* Source material:
>>>>>

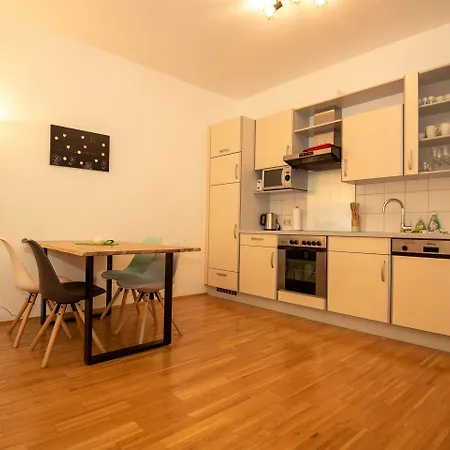 In Beim Lkh Apartment *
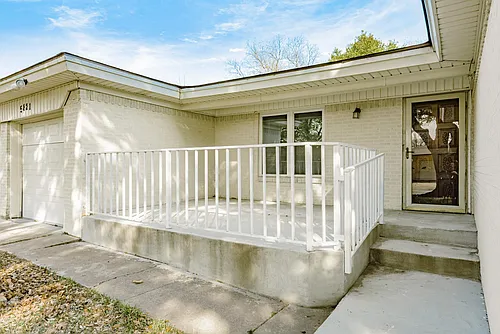 5821 Circular Dr Photo 1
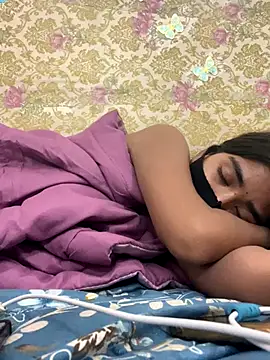 Snapshot of Sexykhushi041 chatting on October 30, 9:00 am Sexykhushi041 online show from October 30, 9:00 am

<<<<<

* Task objective: Exactly repeat only the lines from the one with "5821 Circular Dr Photo 1" to the closing line above, both included, and omit every picture.

* Result for this exercise:
 5821 Circular Dr Photo 1
 Snapshot of Sexykhushi041 chatting on October 30, 9:00 am Sexykhushi041 online show from October 30, 9:00 am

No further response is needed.